The firm’s mean pay gap stood at 22.9%, slightly down from 23.3% in 2017. Women make up 70% of the company’s workforce and form the majority in all its paybands, with four of its seven division heads being female.
In terms of bonuses, the median gap stood at 28.3%, well down from 46% in 2017, with the mean hitting 56%, up by 5%. Bonuses were given to 15.9% of men and 11.9% of women.
The latest snapshot, published on 3rd April, one day before the national deadline, was based on data from 5th April 2018.
Since 2017, Bloomsbury said it had taken a number of actions including providing training in unconscious bias, benchmarking its gender pay gap against the rest of the publishing industry and providing executive coaching to women in senior positions.
C.e.o. Nigel Newton said: “While we are pleased with the progress we’ve made, we want to achieve much more. We are confident that the additional initiatives we have introduced since April 2018 will help deliver further improvements in our gender pay gap for 2019.”

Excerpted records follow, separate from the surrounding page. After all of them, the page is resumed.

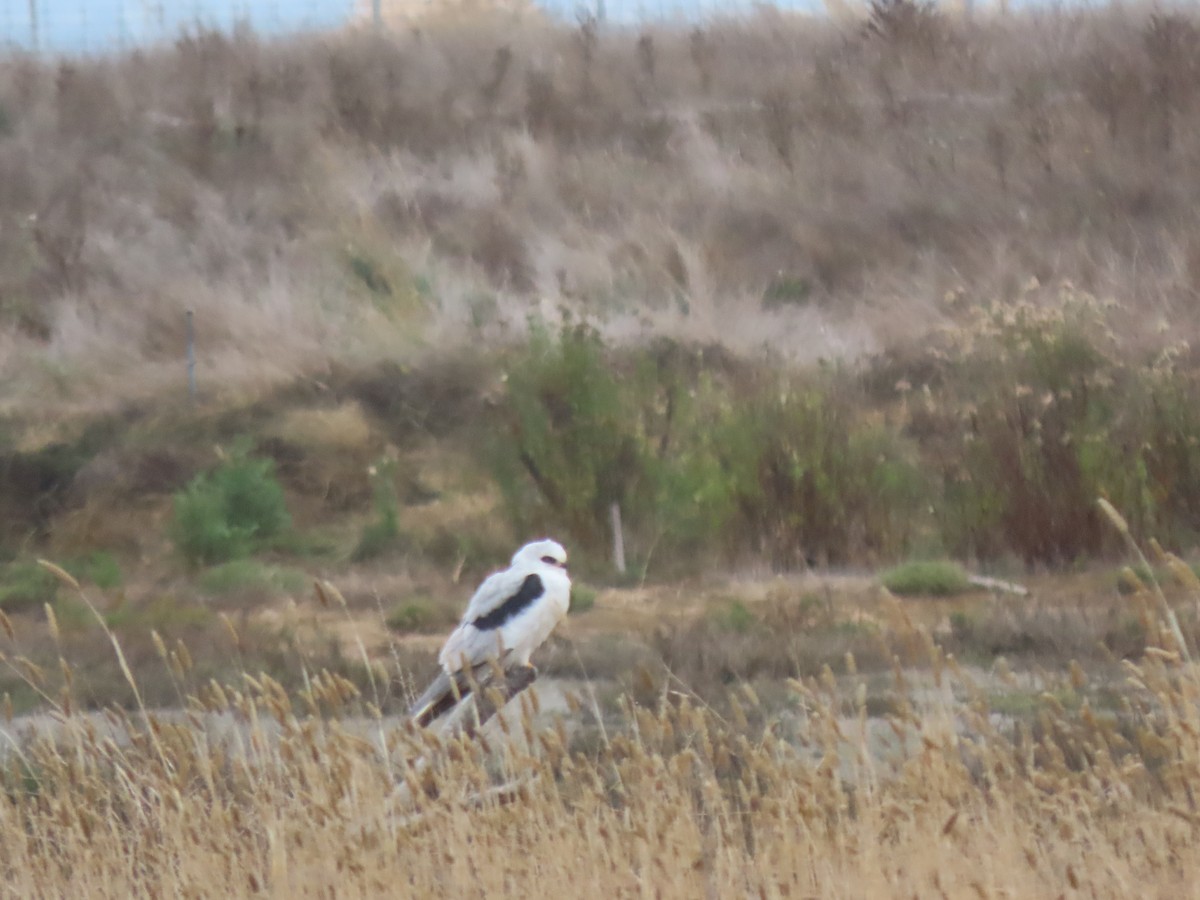 White-tailed Kite - ML494081401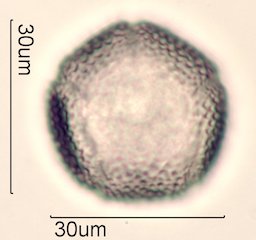 Dendromecon rigida Pollen
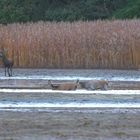 Hirsche: Warum gehen die so früh baden?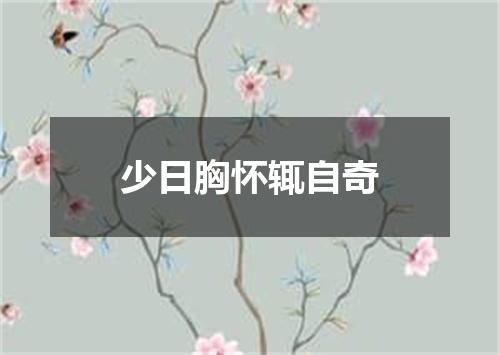 少日胸怀辄自奇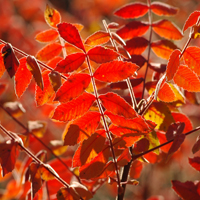 Plantes allergisantes : le sumac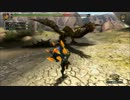 【MH3G】今更タンジアの港でハンティング☆１[テスト]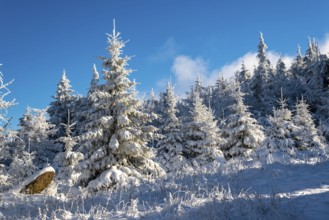 Young spruces (Picea abies) in front of a densely snow-covered coniferous forest under a clear blue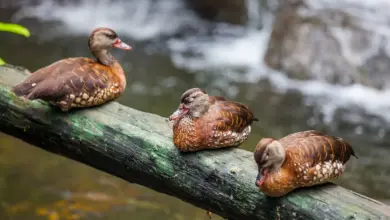 Three Spotted Whistling Ducks Perch On Wood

Women made up 56.7% of the company’s top pay quartile, with 81% in the lowest bracket.
The report vowed to take further action to develop its employees. It stated: “We will expand our provision of training, mentoring and employee development programmes for early- and mid-career employees to provide them with opportunities to grow their leadership and management capabilities so that they are equipped to progress in their careers.”
All employers with more than 250 staff are required by law to report their gender pay gaps by 4th April. Publishing firms including Hachette, HarperCollins and Macmillan have all published their results.
Hachette has called on publishers to be transparent about the effects of distribution staff figures on their gender pay gap reports.